How with no partition in the second drive? My fdisk output above shows no partition on /dev/sdb. This is a raid0 made of two 750G drives, /dev/sda and /dev/sdb. Raid0 should have equal partitions on each drive.

----------

## krinn

no, the /dev/sda and /dev/sdb will be use to create a big /dev/md0 and that /dev/md0 will need to get its partition.

edit: if it help you better: with 1 partition you could write to a full disk, right? You don't need 2 partitions in 1 disk to write 1-50% of the disk and another one to write 51-100% on that disk.

It's the same for stripping, consider half your disk is 100% of /dev/sda and the other half of it is the /dev/sdb, and to write on them 1 partition is all you need.Last edited by krinn on Fri Jul 17, 2009 1:48 am; edited 1 time in total

----------

## energyman76b

usually when the controller sets up the 'raid' it cares about everything - so you might not see the partitions - but the controller does.

Another reason why fakeraid is problematic - if you try to switch from say nvidia fakeraid to intel or amd fakeraid you probably won't be able to access your data.

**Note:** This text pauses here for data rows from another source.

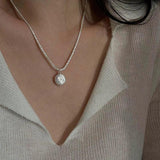 S925 Silver Baroque Pearl Pendant Flash Necklace NK158
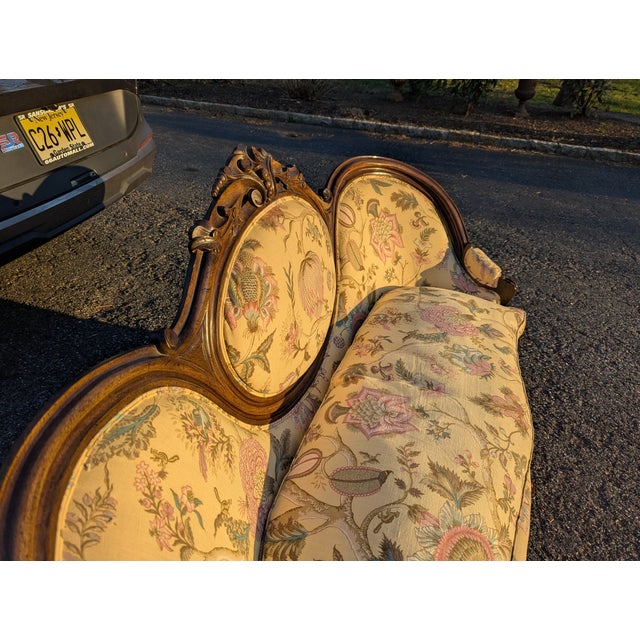 Wood Early 20th Century Floral Carved Wood Frame Loveseat For Sale - Image 7 of 13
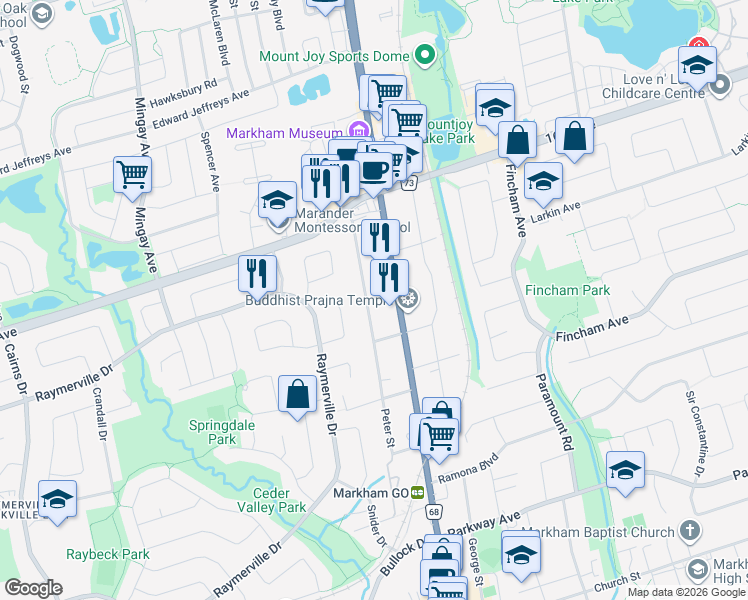 map of restaurants, bars, coffee shops, grocery stores, and more near 57 Peter Street in Markham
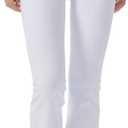 Bootcut Yoga Pants for Women with Hidden Pockets High Waist Workout Pants Tummy Control Dress Bootleg Work Pants (XX-Large, White)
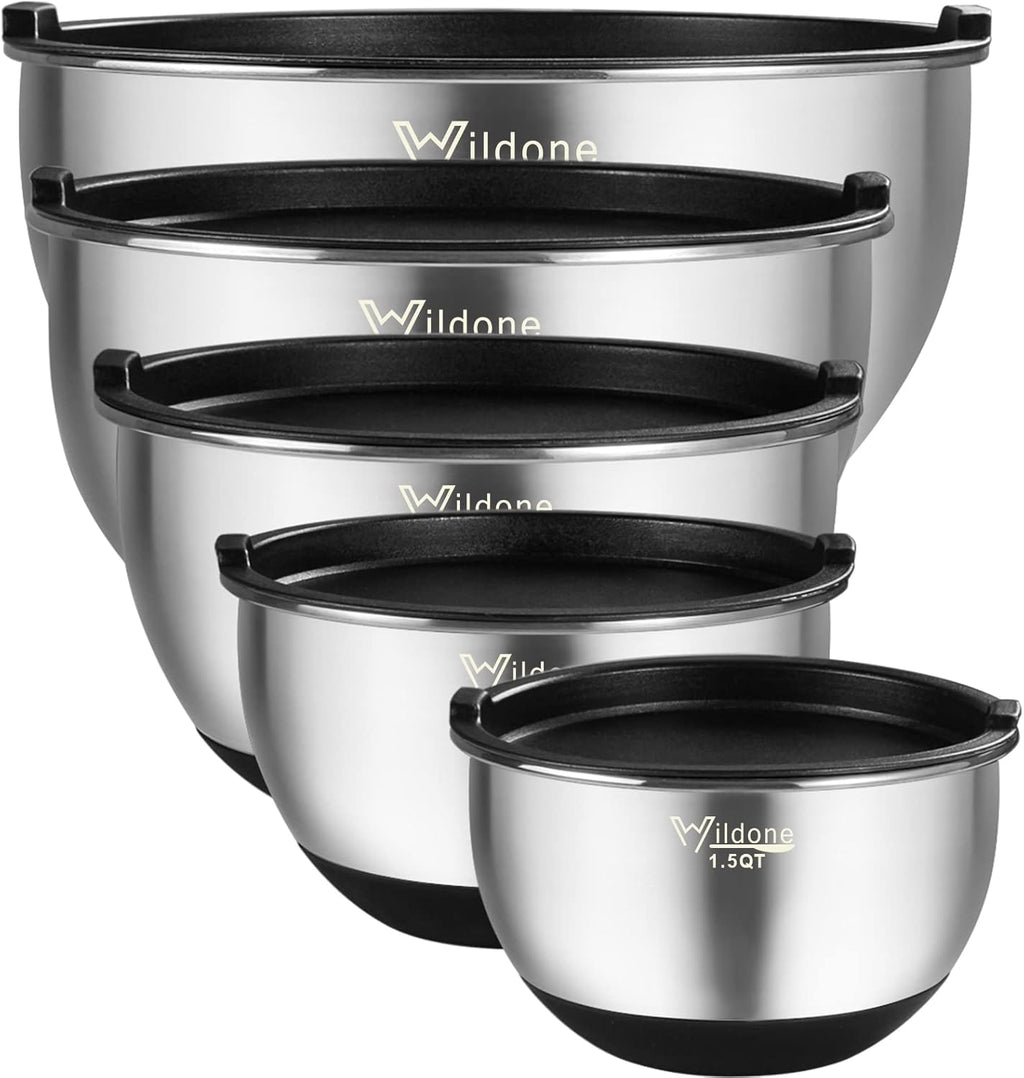Wildone Stainless Steel Mixing Bowls Set of 5 - Airtight Lids & Non-Slip Silicone Bottoms | Stackable Design, 1.5 to 8 QT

Go software route. And Raid5 or 6.

----------

## energyman76b

 *krinn wrote:*   

> no, the /dev/sda and /dev/sdb will be use to create a big /dev/md0 and that /dev/md0 will need to get its partition.
> 
> edit: if it help you better: with 1 partition you could write to a full disk, right? You don't need 2 partitions in 1 disk to write 1-50% of the disk and another one to write 51-100% on that disk.
> 
> It's the same for stripping, consider half your disk is 100% of /dev/sda and the other half of it is the /dev/sdb, and to write on them 1 partition is all you need.

 

when you use md raid (software raid) you don't raid disks but partitions...

----------

## krinn

 *energyman76b wrote:*   

> 
> 
> when you use md raid (software raid) you don't raid disks but partitions...

 

If you wish to harder it, you'll lost him again...

----------

## SeaHag

 *Quote:*   

> 
> 
> no, the /dev/sda and /dev/sdb will be use to create a big /dev/md0 and that /dev/md0 will need to get its partition.
> 
> 

 

You lost me there. Used to create big /dev/md0 by who? Who is creating md0? Windows doesn't know anything about mds right? I created a raid0 in the fakeraid ROM then made a 100G partition on it during the windows installation and installed windows. Then made another 100G primary partition and 500G data partition in the 1.2TB extended partition in windows, no linux involved yet. Then booted on the gentoo install CD to make more partitions for Gentoo that I though would go onto both drives till I saw the fdisk output. If I create a 100G partition in windows there should be a 50G partition on each drive. Here's my Gentoo fdisk -l output again after booting on the install CD but before installing any Gentoo with comments I added after each line. No linux installed yet. Why is there partitions on /dev/sda and not on /dev/sdb? If you're going to stripe back and forth between both drives don't you need partitions on both drives? The total of partitions on /dev/sda is around 1.5TB, the size of the raid0 of both 750G drives. That doesn't make any sense. If I want to use linux software raid how much space do I have on /dev/sda to make partitions? Windows is supposed to be striping back and forth to both drives but now I'm wondering if it really is.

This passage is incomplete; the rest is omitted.